To complete a bleak outlook, more dark clouds rolled in earlier this week when the influential China Beige Book reported that the situation could deteriorate.

“Until and unless global demand recovers more forcefully, the incremental quarterly improvement just seen will make for a contraction for full-year 2020,” the study based on a survey of more than 3,300 companies said.

“No matter the lens, gains over Q1 are marginal. Services, manufacturing, property, and commodities all saw revenue and profits move into expansion territory,” the report added, pointing out that the data remained around record lows.

How that plays out in the months ahead is open to debate.

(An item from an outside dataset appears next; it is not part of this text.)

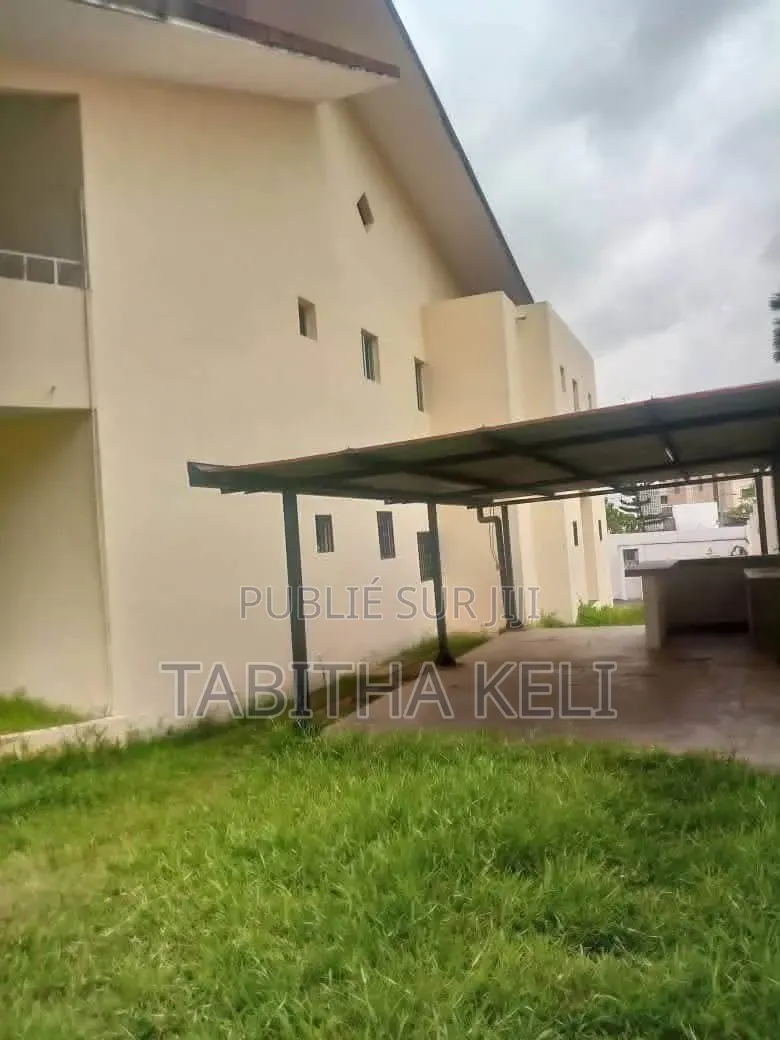 14chbre Duplex dans Francis Gweh, Cocody à Louer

A resurgence of new Covid-19 cases in Beijing and surrounding cities during the past three weeks have dealt another blow to the domestic services sector.

Concerns of a second wave or even a “cluster” outbreak would certainly act as a brake on a sustained recovery.

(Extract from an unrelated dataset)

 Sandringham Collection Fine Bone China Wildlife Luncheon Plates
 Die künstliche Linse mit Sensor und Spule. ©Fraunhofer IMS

“The momentum could lose some steam in [the] coming months,” Nomura, the Japanese investment bank, said in a note after the PMI statistics were released.

Exports could also take a hit. “[They] look ripe for a pullback despite the improvement in orders,” Martin Rasmussen, of research consultancy Capital Economics, said, adding that demand for virus-related products, such as masks, is likely to weaken.

Like the rest of the global economy, China will need more than flickers of light to weather this perfect storm.